The patch doesn't respect Postgres formatting

+# Making 2- and 3-param range_agg polymorphic is difficult
+# because it would take an anyrange and return an anyrange[],
+# which doesn't exist.
+# As a workaround we define separate functions for each built-in range type.
+# This is what causes the mess in src/test/regress/expected/opr_sanity.out.
+{ oid => '8003', descr => 'aggregate transition function',

This is strange. Does it means so range_agg will not work with custom range types?

I am not sure about implementation.
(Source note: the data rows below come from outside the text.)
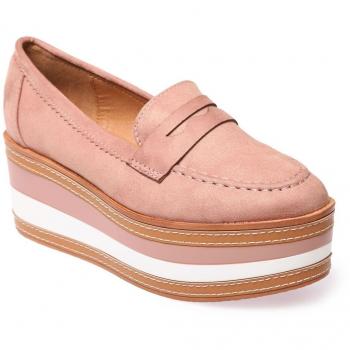 La Modeuse - Mocasines para mujer, rosa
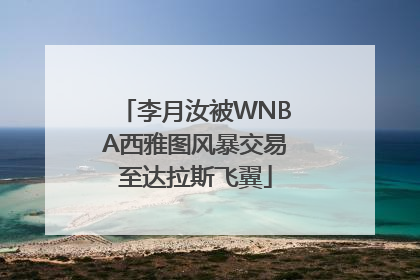 李月汝被WNBA西雅图风暴交易至达拉斯飞翼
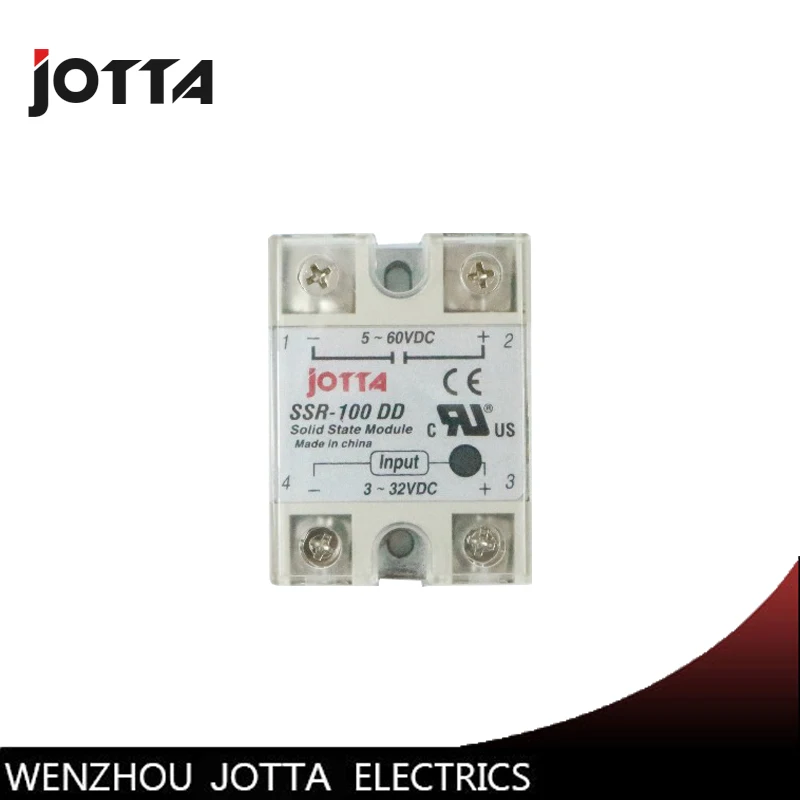 

SSR -100DD DC control DC SSR white shell Single phase Solid state relay 100A input 3-32V DC output 5~60V DC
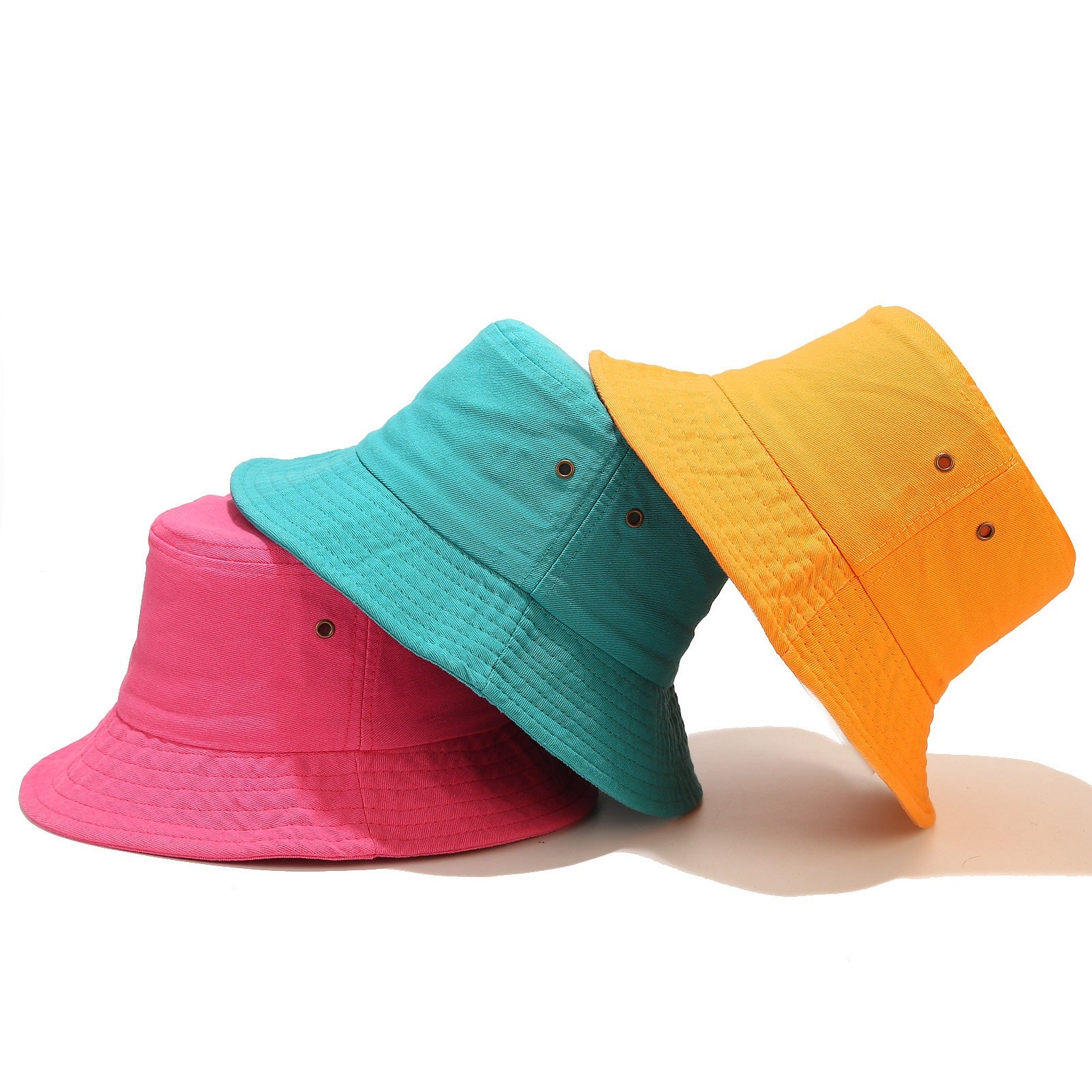 Classic Solid Bucket Hat | Cotton Canvas Fisherman Cap | Minimalist Summer Sun Hat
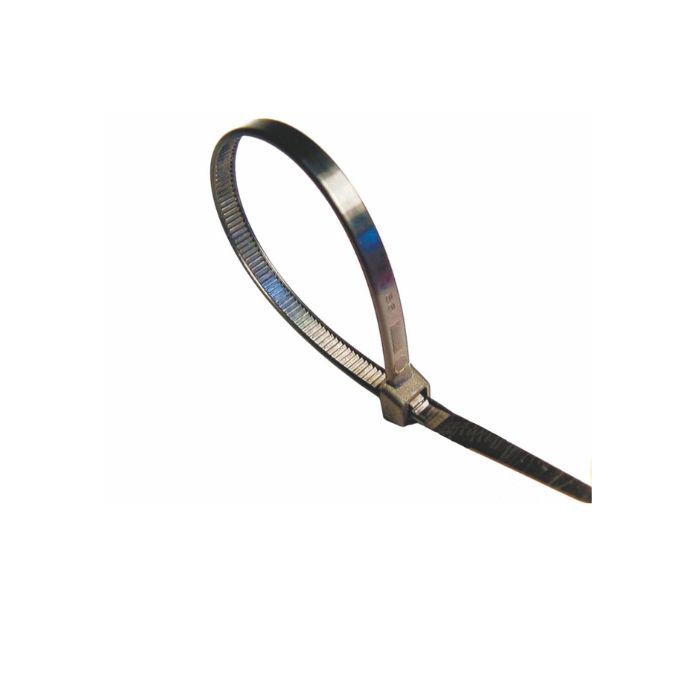 Хомут стяжний капрон.UV чорний 300х4,8 100шт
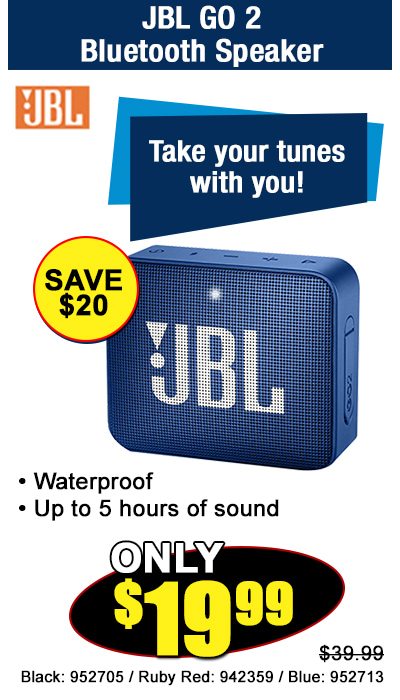 JBL GO 2Bluetooth Speaker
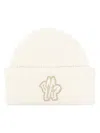 Moncler Wool Cuffed Beanie In Neutrals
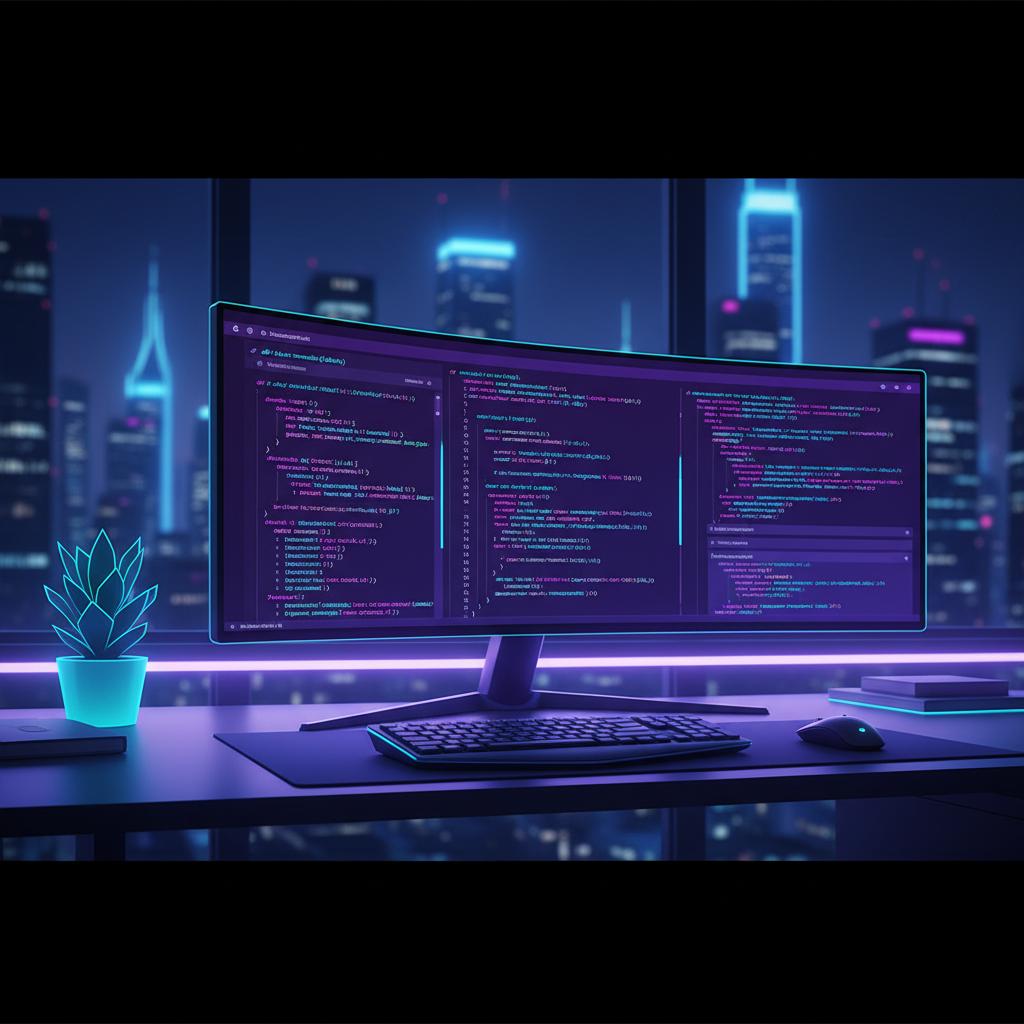 Ilustração técnica representando tecnologia relacionado a Guia de Programação 2026: Python vs JavaScript na 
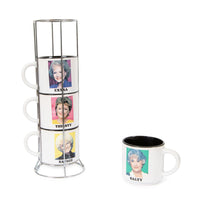 The Golden Girls 10-Ounce Stacking Ceramic Coffee Mugs § Set of 4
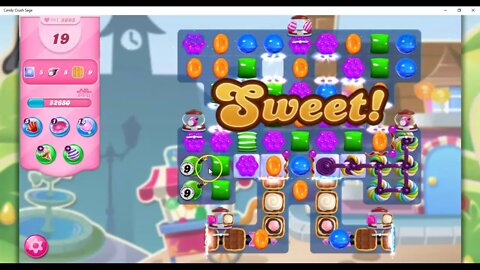 Candy Crush Level 5695 Talkthrough, 25 Moves 0 Boosters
I think so accumulating all ranges, sorting and processing on the end can be memory and CPU expensive.

Regards

Pavel

[1] No female committers yet ... is this 2019?

--
Álvaro Herrera https://www.2ndQuadrant.com/
PostgreSQL Development, 24x7 Support, Remote DBA, Training & Services

Re: range_agg

From

Jeff Davis

Date:

05 July 2019, 16:48:29

On Fri, 2019-07-05 at 07:58 +0200, Pavel Stehule wrote:
> The question is naming - should be this agg function named
> "range_agg", and multi range agg "multirange_agg"? Personally, I have
> not a problem with range_agg, and I have not a problem so it is based
> on union operation. It is true so only result of union can be
> implemented as range simply. When I though about multi range result,
> then there are really large set of possible algorithms how to do some
> operations over two, three values.

Hi Pavel,

Can you explain in more detail? Would an intersection-based aggregate
be useful? If so, and we implement it in the future, what would we call
it?

Regards,
    Jeff Davis

Re: range_agg

From

Paul A Jungwirth

Date:

05 July 2019, 16:58:02

On Mon, Jul 1, 2019 at 3:38 PM Jeff Davis <pgsql@j-davis.com> wrote:
>
> For getting into core though, it should be a more complete set of
> related operations. The patch is implicitly introducing the concept of
> a "multirange" (in this case, an array of ranges), but it's not making
> the concept whole.
>
> What else should return a multirange? This patch implements the union-
> agg of ranges, but we also might want an intersection-agg of ranges
> (that is, the set of ranges that are subranges of every input). Given
> that there are other options here, the name "range_agg" is too generic
> to mean union-agg specifically.

Thanks for the review!

I like the idea of adding a multirange type that works like range
types, although I'm not sure I want to build it. :-)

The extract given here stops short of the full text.